Marketing Lessons From American Idol


Screen shot 2010 05 26 at 4.11.20 PM 300x225 Marketing Lessons From American Idol

The world's biggest focus group

As American Idol winds down its season tonight and bids adieu to its most formidable long-running participant, this is a great opportunity to put the spotlight on the show and what it can teach us about social media. AI actually predates what we’ve come to think of as social media by several years, but its overwhelming success is founded on many of the same principles that govern brand marketers every day.

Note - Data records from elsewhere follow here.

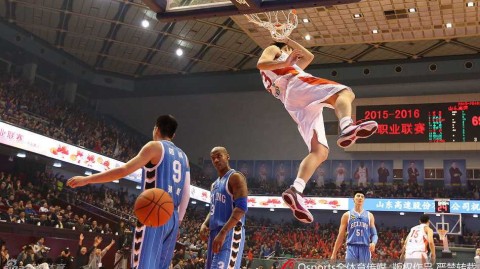 京鲁大战经典瞬间：睢冉锁死马布里，丁彦雨航暴扣震撼五棵松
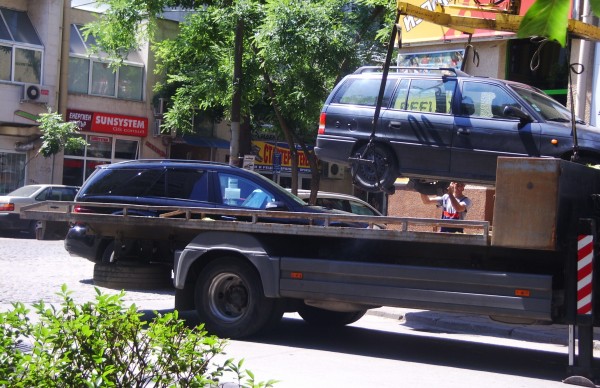 Паякът вдига неправилно паркирал автомобил...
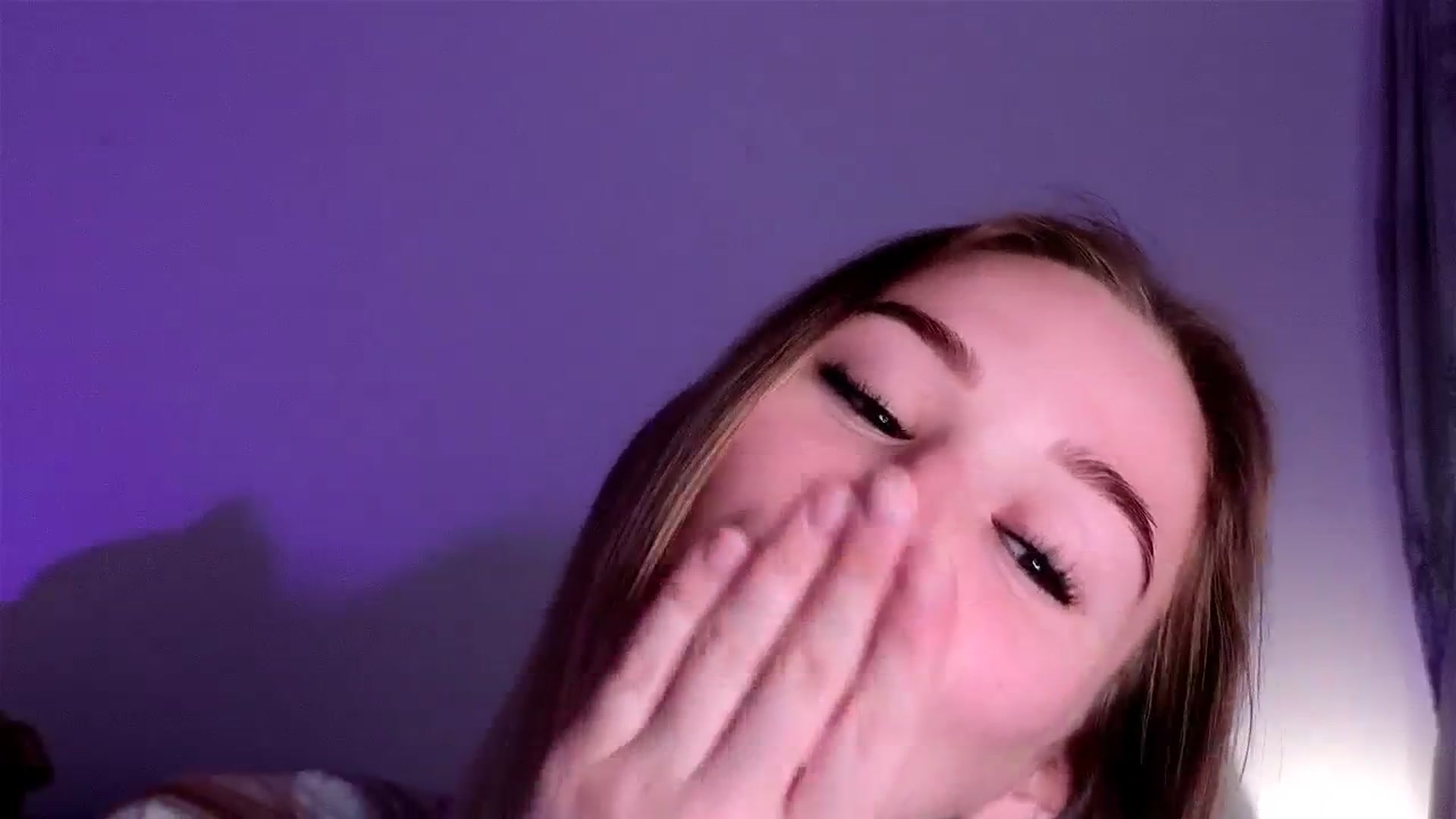 Gallery image thumbnail from CheckmyPeach's myfreecams stream on, 04/13/2025, 16:36 image 3 of 20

Every week the viewers of American Idol comprise the world’s largest product development focus group. While it’s easy to focus on it as a Survivor-style game show, it can easily be forgotten that AI’s real purpose each season is to discover and groom a new pop artist for the show’s owner, which just happens to be an entertainment conglomerate. Sure, the judges will try to guide audience response, but AI fans can name numerous occasions when the vote didn’t go the way the judges wanted.

The audience’s buy-in is another peculiar element of the show.  By encouraging participation, the audience has an emotional stake in the winning product before it even launches. What marketer wouldn’t love that?  The product (in the form of a pop singer’s debut album) arrives mere months after the show’s finale with little risk to the record company, certainly compared to sending out A&R people meant to guess what The Next Big Thing might be.

There are also inherent danger in letting the audience take control.  For me, the most frustrating aspect of reality competition shows is the lack of clear rules to the game.  Without standards or ideals to apply, the audience – and sometimes the judges – can become confused over what exactly they are judging, especially for something as qualitative as ‘pop stardom quotient.’

The result can be a mess: sometimes ingenius in its preferences (Kelly Clarkson, Carrie Underwood), other times selecting dud winners that offered only short-term satisfaction (Ruben Studdard, Taylor Hicks).  It’s the noisy American polity celebrated by DeToqueville writ large.

That’s appropriate for something called American Idol.  Is it right for your product?